# DB Felder in einem Array speichern und wieder auslesen



## Louis2 (10. Jun 2005)

Hallo,

ich habe eine DB Verbindung wie folgt aufgebaut:

```
try 
{ 
    String resultauftrag=new String();
    Class.forName("oracle.jdbc.driver.OracleDriver"); 
    //DriverManager.registerDriver (new oracle.jdbc.driver.OracleDriver());
    String url = "jdbc:oracle:thin:@"+DBServer+":1521:"+DBName; 
    Connection connection = DriverManager.getConnection(url, DBUser, DBPassword);
    connection.setAutoCommit(false);
                
    Statement auftrag = connection.createStatement(); 
    resultauftrag = "SELECT AUF001, AUF012, AUF004, AUF015, AUF016, AUF020 FROM Auftrag WHERE customerid='1619'"; 
    ResultSet rs = auftrag.executeQuery(resultauftrag); 
    connection.commit();
```

1. Ich möchte nun die Felder aus der Query in einem Array anzeigen lassen (fortlaufend, muss auch in Betracht ziehen, dass mehrere Sätze gefunden werden können)
2. Das Array soll dann wieder in einer JTextArea ausgelesen werden, bzw. die Daten dort erscheinen (Übersichtlich!).

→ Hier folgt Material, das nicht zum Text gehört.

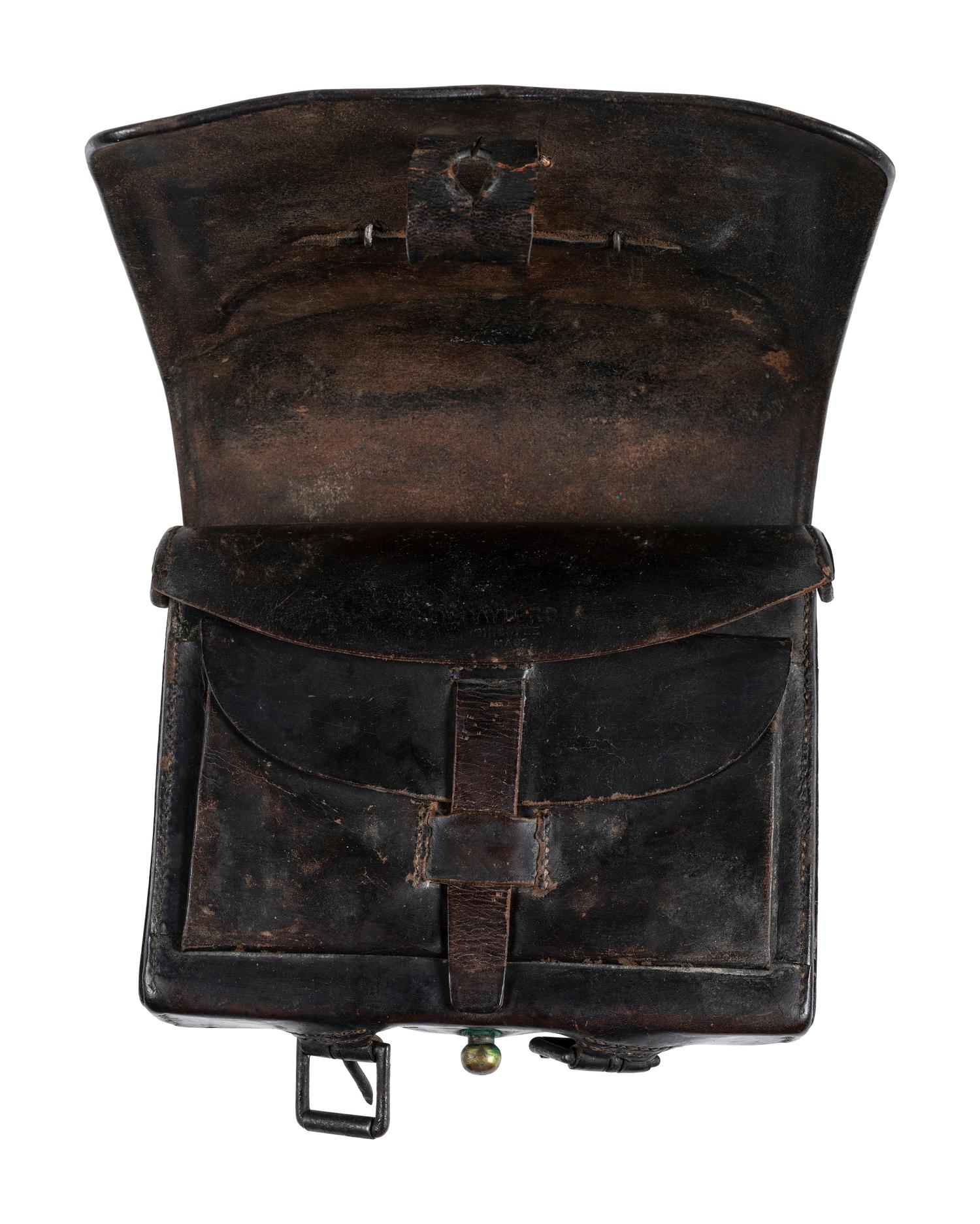 US Pattern 1861 cartridge box with US box plate.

So nun die Frage, wie geht das denn? ???:L


----------



## Bleiglanz (10. Jun 2005)

while(rs.next()){
// tuwas, z.B. System.out.println(rs.getString(1));

}


----------



## Louis2 (10. Jun 2005)

Da ich die Anzahl an Zeilen in der DB nicht kenne, sondern nur die Anzahl an Spalten habe ich mal das ganze mit einem ArrayList probiert.

```
try 
{ 
	//String resultauftrag=new String();
        String resultauftrag1=new String();
        String resultauftrag2=new String();
        String resultauftrag3=new String();
        String resultauftrag4=new String();
        String resultauftrag5=new String();
        String resultauftrag6=new String();
        Class.forName("oracle.jdbc.driver.OracleDriver"); 
        //DriverManager.registerDriver (new oracle.jdbc.driver.OracleDriver());
        String url = "jdbc:oracle:thin:@"+DBServer+":1521:"+DBName; 
        Connection connection = DriverManager.getConnection(url, DBUser, DBPassword);
        connection.setAutoCommit(false);
               
        Statement auftrag = connection.createStatement(); 
        //resultauftrag = "SELECT AUF001, AUF012, AUF004, AUF015, AUF016, AUF020 FROM Auftrag WHERE customerid='1619'"; 
        resultauftrag1 = "SELECT AUF001 FROM Auftrag WHERE customerid='1619'"; 
        resultauftrag2 = "SELECT AUF012 FROM Auftrag WHERE customerid='1619'"; 
        resultauftrag3 = "SELECT AUF004 FROM Auftrag WHERE customerid='1619'"; 
        resultauftrag4 = "SELECT AUF015 FROM Auftrag WHERE customerid='1619'"; 
        resultauftrag5 = "SELECT AUF016 FROM Auftrag WHERE customerid='1619'"; 
        resultauftrag6 = "SELECT AUF020 FROM Auftrag WHERE customerid='1619'"; 
        //auftrag.executeQuery(resultauftrag); 
        auftrag.executeQuery(resultauftrag1);
        auftrag.executeQuery(resultauftrag2);
        auftrag.executeQuery(resultauftrag3);
        auftrag.executeQuery(resultauftrag4);
        auftrag.executeQuery(resultauftrag5);
        auftrag.executeQuery(resultauftrag6);
	connection.commit();
        
	Map map = new HashMap(); 
        map.put("Auftragsnummer", new ArrayList()); 
        map.put("Kommunikationsnummer", new ArrayList()); 
        map.put("Gedruckt am", new ArrayList()); 
        map.put("Umsatzwert", new ArrayList()); 
        map.put("WE", new ArrayList()); 
        map.put("Zustand", new ArrayList()); 

        List list = (List) map.get("Aufstragsnummer"); 
        list.add(resultauftrag1); 
        List list = (List) map.get("Kommunikationsnummer"); 
        list.add(resultauftrag2); 
        List list = (List) map.get("Gedruckt am"); 
        list.add(resultauftrag3); 
        List list = (List) map.get("Umsatzwert"); 
        list.add(resultauftrag4); 
        List list = (List) map.get("WE"); 
        list.add(resultauftrag5); 
        List list = (List) map.get("Zustand"); 
        list.add(resultauftrag6);
```

Sieht aber etwas umständlich aus, mit den ganzen Spalten die angelegt werden müssen, die Werte herausgenommen werden müssen, 6mal executeQuery usw...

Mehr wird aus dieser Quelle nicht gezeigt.